Cette histoire est d'autant plus surprenante qu'elle est tirée de faits réels. Jameson ( de son vrai nom Jamison) a existé, Maharadjah aussi. Cet éléphant, originaire d'Asie, a bel et bien détruit un wagon et du faire la route à pied jusqu'à Belle-vue et a séduit une génération d'anglais.


J'apprécie la rigueur psychologique de ce récit. On sens que Boy est traumatisé à un certain niveau. Il déteste le contact physique, est devenu muet, est toujours très peu confiant et semble resté en mode "survie" malgré les nouvelles conditions de sa vie de dompteur d'éléphant. Son processus psychologique et sa résilience sont crédibles.
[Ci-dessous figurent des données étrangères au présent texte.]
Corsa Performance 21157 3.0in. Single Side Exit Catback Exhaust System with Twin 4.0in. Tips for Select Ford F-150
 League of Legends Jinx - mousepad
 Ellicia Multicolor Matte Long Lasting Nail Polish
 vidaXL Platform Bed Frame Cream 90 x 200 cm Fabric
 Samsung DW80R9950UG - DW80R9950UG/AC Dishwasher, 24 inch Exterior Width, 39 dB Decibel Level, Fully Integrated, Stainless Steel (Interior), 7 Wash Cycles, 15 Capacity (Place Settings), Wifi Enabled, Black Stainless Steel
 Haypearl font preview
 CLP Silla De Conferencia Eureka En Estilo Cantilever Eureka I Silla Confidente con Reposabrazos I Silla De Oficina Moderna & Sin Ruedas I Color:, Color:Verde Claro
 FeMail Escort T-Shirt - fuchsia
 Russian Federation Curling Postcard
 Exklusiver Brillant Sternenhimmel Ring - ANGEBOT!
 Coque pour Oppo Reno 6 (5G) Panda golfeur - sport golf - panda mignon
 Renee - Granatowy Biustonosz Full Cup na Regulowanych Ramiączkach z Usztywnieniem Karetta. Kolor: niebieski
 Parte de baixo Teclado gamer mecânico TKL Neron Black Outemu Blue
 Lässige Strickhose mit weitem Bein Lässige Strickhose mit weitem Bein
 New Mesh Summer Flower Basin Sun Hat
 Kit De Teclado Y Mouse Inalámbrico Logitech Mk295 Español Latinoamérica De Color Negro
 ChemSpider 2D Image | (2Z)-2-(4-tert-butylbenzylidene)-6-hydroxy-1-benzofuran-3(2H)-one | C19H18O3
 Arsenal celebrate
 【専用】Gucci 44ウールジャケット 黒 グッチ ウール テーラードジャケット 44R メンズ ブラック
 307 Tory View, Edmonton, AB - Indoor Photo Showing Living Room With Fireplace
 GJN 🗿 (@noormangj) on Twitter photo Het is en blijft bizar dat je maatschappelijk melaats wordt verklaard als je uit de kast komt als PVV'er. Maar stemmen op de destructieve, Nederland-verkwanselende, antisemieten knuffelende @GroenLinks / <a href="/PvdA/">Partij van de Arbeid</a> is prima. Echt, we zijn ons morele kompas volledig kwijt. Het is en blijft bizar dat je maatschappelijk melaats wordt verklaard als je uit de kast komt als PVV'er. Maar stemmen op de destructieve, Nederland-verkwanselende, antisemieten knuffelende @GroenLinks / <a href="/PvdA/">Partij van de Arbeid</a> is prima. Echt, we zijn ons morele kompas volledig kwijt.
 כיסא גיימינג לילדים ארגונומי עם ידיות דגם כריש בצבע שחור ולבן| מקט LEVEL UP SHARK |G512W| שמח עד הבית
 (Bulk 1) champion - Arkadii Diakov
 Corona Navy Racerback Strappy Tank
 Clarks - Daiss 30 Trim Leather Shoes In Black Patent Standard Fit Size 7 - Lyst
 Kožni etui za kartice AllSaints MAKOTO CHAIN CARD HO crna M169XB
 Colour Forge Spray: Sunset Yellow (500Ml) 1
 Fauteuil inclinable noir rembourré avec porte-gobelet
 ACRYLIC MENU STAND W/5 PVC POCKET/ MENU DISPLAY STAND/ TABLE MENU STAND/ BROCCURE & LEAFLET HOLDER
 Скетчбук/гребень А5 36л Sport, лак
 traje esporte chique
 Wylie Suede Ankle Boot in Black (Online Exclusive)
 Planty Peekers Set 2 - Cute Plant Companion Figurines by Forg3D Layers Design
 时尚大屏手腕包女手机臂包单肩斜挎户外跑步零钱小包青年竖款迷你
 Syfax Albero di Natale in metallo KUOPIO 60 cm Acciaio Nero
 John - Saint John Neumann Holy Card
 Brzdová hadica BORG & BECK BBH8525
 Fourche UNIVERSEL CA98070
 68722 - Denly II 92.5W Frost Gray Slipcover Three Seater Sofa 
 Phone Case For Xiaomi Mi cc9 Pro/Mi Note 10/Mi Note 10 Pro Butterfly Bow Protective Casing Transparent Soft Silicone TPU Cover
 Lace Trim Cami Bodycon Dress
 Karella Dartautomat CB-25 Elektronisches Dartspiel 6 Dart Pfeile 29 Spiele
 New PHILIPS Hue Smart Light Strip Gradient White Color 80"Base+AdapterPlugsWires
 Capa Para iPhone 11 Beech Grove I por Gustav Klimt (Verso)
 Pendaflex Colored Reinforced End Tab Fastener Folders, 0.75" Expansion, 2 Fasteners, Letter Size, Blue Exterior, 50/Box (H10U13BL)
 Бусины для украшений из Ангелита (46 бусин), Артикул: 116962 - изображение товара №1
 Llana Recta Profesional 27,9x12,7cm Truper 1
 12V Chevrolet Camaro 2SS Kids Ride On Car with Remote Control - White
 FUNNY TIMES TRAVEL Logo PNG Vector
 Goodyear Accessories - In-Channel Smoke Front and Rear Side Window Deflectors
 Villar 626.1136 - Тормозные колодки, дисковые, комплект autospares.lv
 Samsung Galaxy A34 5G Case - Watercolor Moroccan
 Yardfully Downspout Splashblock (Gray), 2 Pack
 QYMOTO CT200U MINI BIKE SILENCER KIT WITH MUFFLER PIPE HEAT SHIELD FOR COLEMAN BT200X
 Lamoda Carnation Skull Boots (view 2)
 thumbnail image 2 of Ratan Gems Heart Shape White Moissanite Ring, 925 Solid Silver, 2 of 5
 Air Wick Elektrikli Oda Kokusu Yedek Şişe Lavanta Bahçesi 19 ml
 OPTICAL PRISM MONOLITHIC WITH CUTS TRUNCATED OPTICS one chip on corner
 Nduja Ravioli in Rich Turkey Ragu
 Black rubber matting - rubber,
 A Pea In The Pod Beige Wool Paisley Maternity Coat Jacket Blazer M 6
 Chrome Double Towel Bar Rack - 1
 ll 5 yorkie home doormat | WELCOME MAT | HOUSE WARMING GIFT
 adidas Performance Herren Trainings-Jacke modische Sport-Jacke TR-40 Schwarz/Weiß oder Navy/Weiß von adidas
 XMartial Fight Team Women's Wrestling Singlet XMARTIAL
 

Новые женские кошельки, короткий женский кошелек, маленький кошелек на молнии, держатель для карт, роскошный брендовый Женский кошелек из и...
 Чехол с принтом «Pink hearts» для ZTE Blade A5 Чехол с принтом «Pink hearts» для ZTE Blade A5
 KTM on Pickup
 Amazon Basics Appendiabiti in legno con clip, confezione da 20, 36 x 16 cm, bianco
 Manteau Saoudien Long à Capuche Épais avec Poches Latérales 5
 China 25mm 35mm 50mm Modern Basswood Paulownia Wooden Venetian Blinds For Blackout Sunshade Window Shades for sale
Jameson m'aura fait rire avec son sens du théâtre, ses idées délirantes et son exceptionnel sens de la publicité. Son espoir naif et sa foi en ses projets me rappelle Walt Disney, en un sens. Quand aux autres personnages, ils habitent bien le récit et ont des personnalités variés. Maharadjah aussi a une personnalité adorable, qui s'exprime bien à travers ses sons et ses réactions.


Le tout est assez fluide et agréable à lire, dans un style élégant, coloré et addictif. C'est avant-tout un récit d'aventure, ponctué de drames assez émotifs et aussi de polar, avec cette enquête parallèle sur le gang de la Fraternité de Leith, composé de voleurs d'enfants et vendeurs de drogues.


J'ai trouvé ce roman aussi touchant que trépidant, dans une Angleterre victorienne marqué par la presse sensationnaliste, la disparité de classes sociales et la traite des animaux.
Une histoire sur l'espoir, l'amitié et la collaboration.


Pour les profs: comporte certaines scènes de violence comme des sévices , des bagarres et de la cruauté animale. Je réfèrerais donc ce livre aux lecteurs de plus de 11 ans. C'est cependant un bon récit pour aborder les orphelins exploités et la cruauté animalière auprès des jeunes.